-- Supplied material follows --

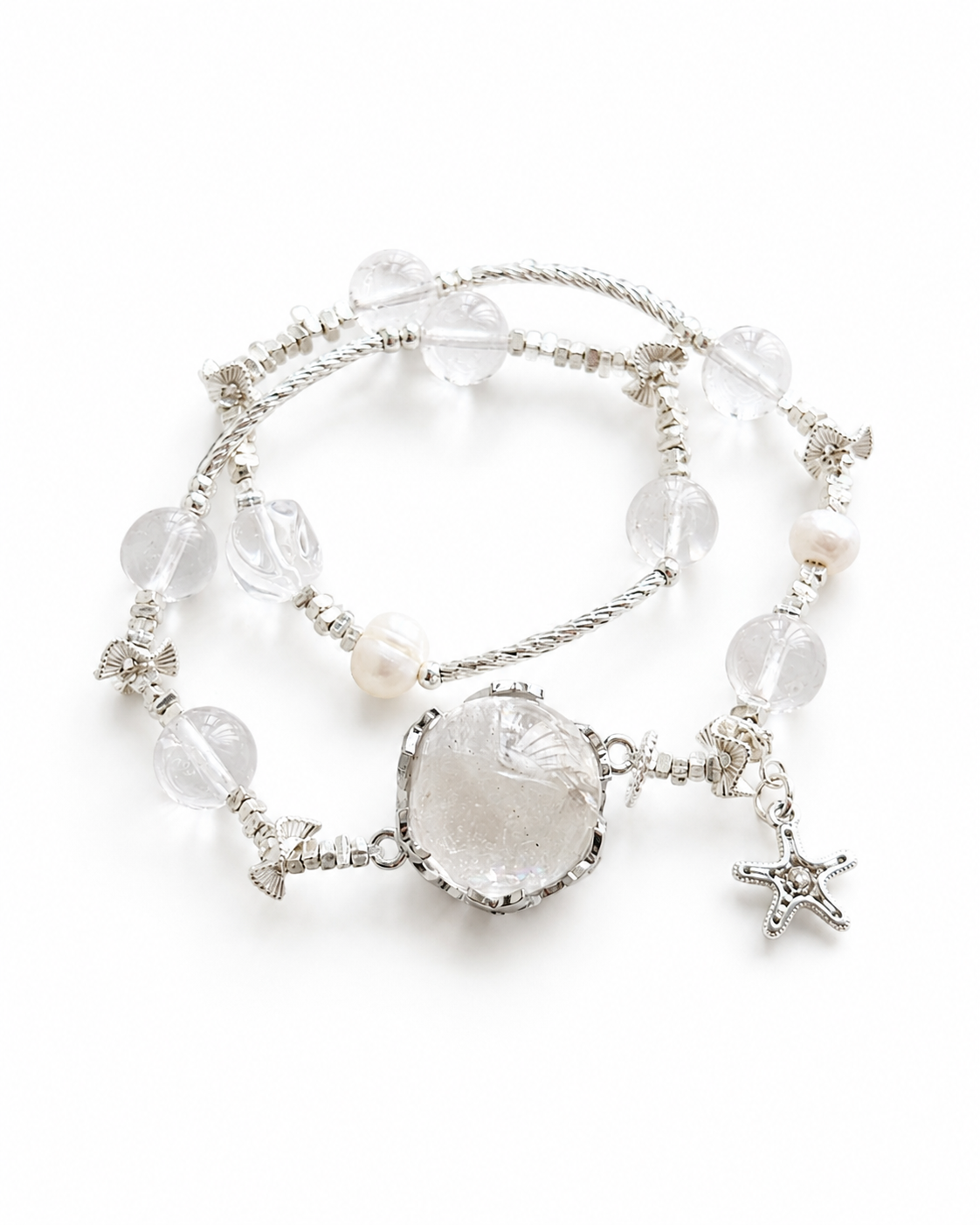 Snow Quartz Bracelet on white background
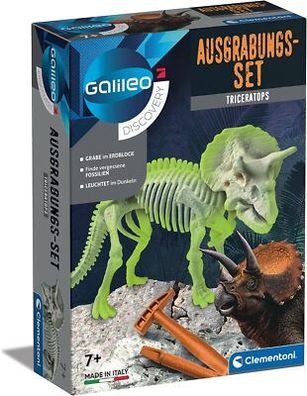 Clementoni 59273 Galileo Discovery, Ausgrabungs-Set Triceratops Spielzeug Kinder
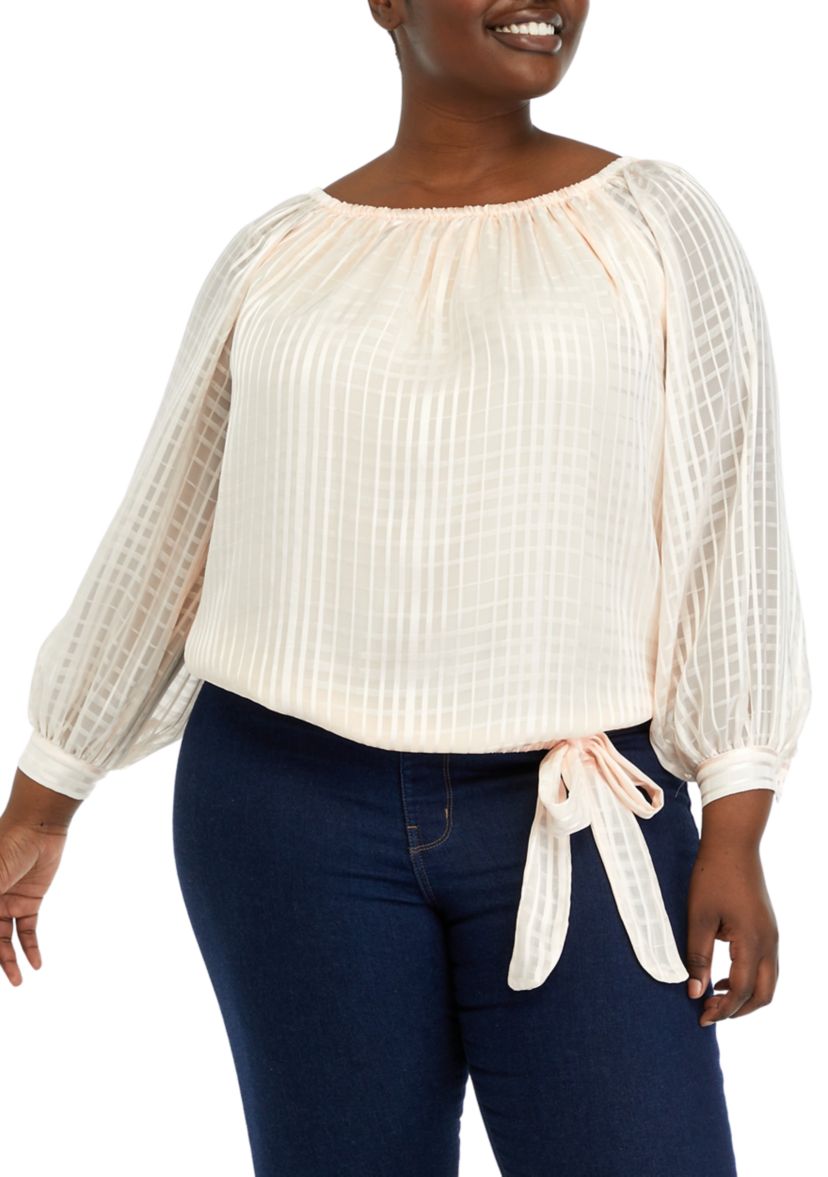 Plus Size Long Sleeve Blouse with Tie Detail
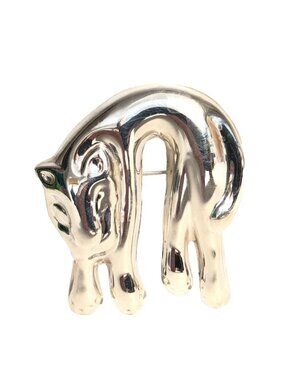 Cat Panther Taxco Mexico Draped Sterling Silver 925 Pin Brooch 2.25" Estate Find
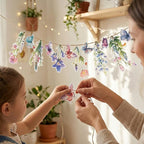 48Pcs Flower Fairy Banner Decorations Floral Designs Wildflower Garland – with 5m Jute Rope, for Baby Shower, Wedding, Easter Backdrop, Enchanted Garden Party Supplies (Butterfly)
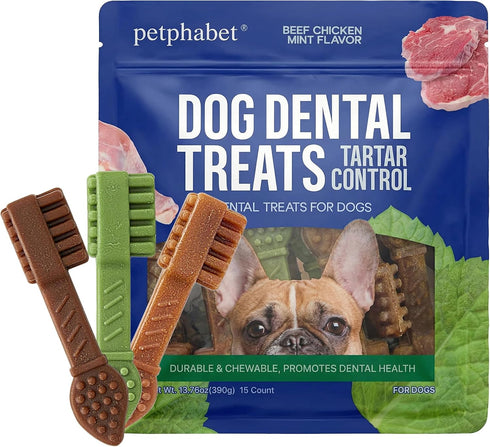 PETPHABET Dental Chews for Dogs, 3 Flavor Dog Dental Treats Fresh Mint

-- Supplied material concluded --

> [Prompt]:
Retype only the lines from the line with "48Pcs Flower Fairy" through the last line of the data. Keep both ends and skip the pictures.

> [Exercise solution]:
 48Pcs Flower Fairy Banner Decorations Floral Designs Wildflower Garland – with 5m Jute Rope, for Baby Shower, Wedding, Easter Backdrop, Enchanted Garden Party Supplies (Butterfly)
 PETPHABET Dental Chews for Dogs, 3 Flavor Dog Dental Treats Fresh Mint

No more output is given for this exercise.